The President of the Association of Caribbean Media (ACM), Dale Enoch, is to meet with hemispheric press freedom organisations in Uruguay to discuss the continuing state advertising boycott of Stabroek News.
According to a release from the ACM, Enoch raised the matter at the general meeting of IFEX – The International Free Expression organisation – in Montevideo, Uruguay on Tuesday.
Enoch was a member of a group of prominent Caribbean media operatives, who met with President Bharrat Jagdeo earlier this year in an effort to have the ads restored but met with no success.
The ACM was invited to the Uruguay meeting following a gathering of Latin American and Caribbean groups in Austin, Texas last month where Enoch spoke on the continuing ads impasse during a session on ‘advocating for legal change’.

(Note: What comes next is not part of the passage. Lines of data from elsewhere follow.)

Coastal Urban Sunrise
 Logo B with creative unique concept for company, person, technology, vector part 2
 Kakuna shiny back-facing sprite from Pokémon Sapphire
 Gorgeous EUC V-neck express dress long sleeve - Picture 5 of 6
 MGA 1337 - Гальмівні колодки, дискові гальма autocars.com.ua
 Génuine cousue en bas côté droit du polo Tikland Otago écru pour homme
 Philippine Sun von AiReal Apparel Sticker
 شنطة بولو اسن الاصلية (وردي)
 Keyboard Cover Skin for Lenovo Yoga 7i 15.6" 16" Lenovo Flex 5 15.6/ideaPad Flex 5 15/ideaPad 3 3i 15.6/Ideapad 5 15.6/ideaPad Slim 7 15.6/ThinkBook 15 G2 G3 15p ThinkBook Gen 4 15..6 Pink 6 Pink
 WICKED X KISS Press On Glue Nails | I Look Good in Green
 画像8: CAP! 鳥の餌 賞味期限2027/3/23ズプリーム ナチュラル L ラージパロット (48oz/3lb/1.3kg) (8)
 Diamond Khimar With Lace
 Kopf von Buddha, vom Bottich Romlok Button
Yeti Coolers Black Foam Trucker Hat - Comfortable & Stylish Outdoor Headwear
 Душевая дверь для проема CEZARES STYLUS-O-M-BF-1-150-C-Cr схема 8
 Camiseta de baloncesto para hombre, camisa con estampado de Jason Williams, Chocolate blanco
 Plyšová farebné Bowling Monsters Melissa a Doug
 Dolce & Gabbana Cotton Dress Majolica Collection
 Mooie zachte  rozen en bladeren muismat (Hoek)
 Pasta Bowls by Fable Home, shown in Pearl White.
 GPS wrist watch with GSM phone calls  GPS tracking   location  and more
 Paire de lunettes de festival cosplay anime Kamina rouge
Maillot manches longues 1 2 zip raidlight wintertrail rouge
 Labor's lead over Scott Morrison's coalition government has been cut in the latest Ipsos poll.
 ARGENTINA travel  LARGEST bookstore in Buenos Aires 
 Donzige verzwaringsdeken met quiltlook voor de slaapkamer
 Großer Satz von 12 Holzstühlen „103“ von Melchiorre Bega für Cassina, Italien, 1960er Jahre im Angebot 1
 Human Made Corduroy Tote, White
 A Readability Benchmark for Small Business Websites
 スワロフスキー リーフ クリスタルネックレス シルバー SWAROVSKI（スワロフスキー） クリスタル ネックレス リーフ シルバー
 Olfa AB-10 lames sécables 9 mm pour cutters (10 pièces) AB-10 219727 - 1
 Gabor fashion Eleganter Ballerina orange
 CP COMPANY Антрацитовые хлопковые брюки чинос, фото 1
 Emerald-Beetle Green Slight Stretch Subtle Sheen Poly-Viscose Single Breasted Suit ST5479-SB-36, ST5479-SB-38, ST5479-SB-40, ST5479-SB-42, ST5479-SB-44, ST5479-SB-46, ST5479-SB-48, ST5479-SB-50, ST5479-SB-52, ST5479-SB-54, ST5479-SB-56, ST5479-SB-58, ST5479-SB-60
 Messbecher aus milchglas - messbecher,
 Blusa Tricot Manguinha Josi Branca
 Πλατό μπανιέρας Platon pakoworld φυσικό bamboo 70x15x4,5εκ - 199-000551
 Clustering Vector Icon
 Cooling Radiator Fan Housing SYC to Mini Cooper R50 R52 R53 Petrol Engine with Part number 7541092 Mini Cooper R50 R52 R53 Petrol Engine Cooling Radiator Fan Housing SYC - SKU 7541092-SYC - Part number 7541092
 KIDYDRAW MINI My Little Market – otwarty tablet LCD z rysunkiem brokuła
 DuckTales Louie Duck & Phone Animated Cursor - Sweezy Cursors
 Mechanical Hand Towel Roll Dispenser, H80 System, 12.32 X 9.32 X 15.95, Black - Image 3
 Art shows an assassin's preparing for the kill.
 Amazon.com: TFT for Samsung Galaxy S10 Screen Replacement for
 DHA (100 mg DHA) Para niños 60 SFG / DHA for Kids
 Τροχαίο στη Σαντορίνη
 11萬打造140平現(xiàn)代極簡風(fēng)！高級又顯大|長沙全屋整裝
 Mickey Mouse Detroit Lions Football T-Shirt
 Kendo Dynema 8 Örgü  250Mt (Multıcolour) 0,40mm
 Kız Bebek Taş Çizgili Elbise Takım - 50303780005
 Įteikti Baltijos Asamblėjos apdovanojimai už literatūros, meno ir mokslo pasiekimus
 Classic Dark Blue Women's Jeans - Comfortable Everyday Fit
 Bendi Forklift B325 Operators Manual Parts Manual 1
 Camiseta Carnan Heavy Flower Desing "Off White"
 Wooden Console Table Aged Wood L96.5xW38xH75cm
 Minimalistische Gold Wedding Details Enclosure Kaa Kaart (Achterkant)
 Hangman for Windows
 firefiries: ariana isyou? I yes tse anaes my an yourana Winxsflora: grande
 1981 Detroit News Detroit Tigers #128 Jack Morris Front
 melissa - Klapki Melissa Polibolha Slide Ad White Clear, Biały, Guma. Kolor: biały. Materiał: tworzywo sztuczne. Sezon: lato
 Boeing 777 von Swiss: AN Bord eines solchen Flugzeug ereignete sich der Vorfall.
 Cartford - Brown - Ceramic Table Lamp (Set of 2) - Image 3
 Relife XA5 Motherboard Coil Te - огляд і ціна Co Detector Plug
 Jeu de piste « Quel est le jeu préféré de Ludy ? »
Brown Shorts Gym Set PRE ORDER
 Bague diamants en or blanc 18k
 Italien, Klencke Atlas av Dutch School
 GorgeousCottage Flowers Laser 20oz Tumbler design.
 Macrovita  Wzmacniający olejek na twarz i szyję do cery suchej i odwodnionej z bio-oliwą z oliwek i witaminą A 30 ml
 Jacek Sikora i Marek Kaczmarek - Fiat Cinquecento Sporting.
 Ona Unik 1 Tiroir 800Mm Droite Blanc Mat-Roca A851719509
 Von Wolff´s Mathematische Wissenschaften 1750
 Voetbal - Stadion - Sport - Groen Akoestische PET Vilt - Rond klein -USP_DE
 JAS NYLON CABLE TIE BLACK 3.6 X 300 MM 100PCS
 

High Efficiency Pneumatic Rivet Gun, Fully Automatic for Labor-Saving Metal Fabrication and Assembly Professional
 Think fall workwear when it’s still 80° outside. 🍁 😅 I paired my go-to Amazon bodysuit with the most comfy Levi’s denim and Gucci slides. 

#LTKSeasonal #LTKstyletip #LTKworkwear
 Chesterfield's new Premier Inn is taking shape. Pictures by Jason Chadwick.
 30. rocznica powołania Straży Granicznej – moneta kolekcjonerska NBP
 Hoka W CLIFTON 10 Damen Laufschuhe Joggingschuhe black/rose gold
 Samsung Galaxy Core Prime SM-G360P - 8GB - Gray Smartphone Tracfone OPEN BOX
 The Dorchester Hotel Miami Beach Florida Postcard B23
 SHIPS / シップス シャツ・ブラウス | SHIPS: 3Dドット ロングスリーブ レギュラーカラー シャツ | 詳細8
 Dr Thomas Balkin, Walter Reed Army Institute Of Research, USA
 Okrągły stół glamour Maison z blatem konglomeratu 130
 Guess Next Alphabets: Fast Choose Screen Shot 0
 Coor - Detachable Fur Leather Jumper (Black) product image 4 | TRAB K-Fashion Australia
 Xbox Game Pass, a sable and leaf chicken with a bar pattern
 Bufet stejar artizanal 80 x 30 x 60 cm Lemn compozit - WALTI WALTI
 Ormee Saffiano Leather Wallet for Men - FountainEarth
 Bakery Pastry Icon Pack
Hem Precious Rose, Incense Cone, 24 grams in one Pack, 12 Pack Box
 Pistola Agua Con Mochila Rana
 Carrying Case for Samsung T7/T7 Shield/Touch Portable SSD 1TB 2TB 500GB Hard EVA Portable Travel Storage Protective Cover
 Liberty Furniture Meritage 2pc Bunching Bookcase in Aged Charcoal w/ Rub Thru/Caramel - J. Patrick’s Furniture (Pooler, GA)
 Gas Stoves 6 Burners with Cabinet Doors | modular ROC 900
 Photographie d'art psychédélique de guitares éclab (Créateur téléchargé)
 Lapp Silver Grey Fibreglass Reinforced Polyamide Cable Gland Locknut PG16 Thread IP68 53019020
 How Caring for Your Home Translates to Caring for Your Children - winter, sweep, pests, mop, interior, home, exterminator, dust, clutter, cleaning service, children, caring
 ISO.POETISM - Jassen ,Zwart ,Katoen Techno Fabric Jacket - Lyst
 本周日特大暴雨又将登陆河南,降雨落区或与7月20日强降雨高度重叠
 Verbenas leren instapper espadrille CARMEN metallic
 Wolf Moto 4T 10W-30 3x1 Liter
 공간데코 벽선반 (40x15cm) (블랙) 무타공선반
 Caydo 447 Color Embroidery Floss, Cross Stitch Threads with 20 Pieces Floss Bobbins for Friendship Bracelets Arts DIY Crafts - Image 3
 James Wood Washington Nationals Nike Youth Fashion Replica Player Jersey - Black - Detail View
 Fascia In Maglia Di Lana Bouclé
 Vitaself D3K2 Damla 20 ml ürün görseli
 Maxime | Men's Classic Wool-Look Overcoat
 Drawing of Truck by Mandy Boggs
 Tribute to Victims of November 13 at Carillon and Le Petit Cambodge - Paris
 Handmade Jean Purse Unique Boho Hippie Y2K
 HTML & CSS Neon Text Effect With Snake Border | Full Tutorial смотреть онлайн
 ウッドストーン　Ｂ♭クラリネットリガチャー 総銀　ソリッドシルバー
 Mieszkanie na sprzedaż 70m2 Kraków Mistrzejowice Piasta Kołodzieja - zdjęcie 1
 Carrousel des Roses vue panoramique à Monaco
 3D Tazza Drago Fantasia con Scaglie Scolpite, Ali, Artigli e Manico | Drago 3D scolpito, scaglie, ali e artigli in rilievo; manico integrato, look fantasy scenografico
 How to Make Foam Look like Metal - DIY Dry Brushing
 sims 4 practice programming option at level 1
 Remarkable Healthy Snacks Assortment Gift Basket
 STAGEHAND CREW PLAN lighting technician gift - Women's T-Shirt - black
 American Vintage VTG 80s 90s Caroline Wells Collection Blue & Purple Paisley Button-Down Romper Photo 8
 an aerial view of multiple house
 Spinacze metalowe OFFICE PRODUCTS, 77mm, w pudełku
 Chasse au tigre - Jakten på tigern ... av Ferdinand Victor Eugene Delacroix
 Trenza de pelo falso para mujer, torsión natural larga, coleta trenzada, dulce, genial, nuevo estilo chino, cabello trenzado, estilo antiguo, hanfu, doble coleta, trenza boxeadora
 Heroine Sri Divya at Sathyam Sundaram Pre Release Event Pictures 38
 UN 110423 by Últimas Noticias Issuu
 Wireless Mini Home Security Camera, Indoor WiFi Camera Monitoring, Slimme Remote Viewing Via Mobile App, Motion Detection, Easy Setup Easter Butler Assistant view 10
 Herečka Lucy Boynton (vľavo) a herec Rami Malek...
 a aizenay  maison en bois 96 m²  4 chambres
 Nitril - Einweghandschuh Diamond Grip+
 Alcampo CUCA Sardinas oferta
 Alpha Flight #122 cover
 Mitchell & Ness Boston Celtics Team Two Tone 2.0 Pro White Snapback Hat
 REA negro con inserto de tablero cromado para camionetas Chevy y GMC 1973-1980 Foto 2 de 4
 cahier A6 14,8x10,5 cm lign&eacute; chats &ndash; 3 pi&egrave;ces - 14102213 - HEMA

The panel included Rodolfo Barros of the Foro De Periodismo Argentina (FOPEA), who felt that the situation in Guyana requires clear guidelines regarding the placement of government advertising. He pointed to similar incidents in Argentina.
Robert Mahoney of the international Committee to Protect Journalists (CPJ) agreed that there is a need for the Guyana government to make sure its actions are according to set guidelines and nothing else.
The Guyana situation sparked some debate during the hour-long discussion on legal challenges to media, the ACM said, with some suggesting that the Guyana problem should be put on the international media agenda and this could put pressure on the government to change its position and approach; one representative said similar situations have occurred in Romania; and some felt the Guyana government erred in handling the situation.
The government withdrew ads from the Stabroek News in November 2006 and after queries were made by this newspaper the government said there had been a drop in SN’s circulation and it was therefore switching ads to another private newspaper. It continues to advertise however with the privately-owned Mirror newspaper and the state-owned Guyana Chronicle both of which are known to have very low circulation.
The government is yet to provide data to substantiate its claims and has not responded to a request by Ignacio J. Alvarez, Special Rapporteur for Freedom of Expression of the IACHR of the Organisation of American States (OAS) to provide the basis for its move.
On June 13, 2007, the Special Rapporteur’s Office wrote the Guyana Government requesting that the government provide information within 15 days in relation to the allocation of advertising. The government later said that it had not gotten the letter until late July but to date it still has not provided the information requested by the rapporteur.
In a press release issued after not getting a response from the Guyana Govern-ment, Alvarez called on the Guyana Government to review its withdrawal of ads from the Stabroek News and to ensure transparency in the allocation of official advertising. Stabroek News has maintained that the government’s withdrawal was due to its critical editorial stance on issues of governance. It has proposed that state advertising be apportioned on the basis of the paid, audited circulation of the newspapers and the target audience. The government’s move has been widely condemned by a number of local, regional and international media organizations, private sector bodies, trades unions, and the opposition political parties. They have also called for the reinstatement of the ads but the government has not budged.
The ACM president is to meet with some of the other organisations present for the meeting to discuss the matter further.
Meanwhile, IFEX has formally invited the ACM to become an affiliate of the global network which, among other things, operates an Action Alert Network (AAN) on free expression incidents worldwide.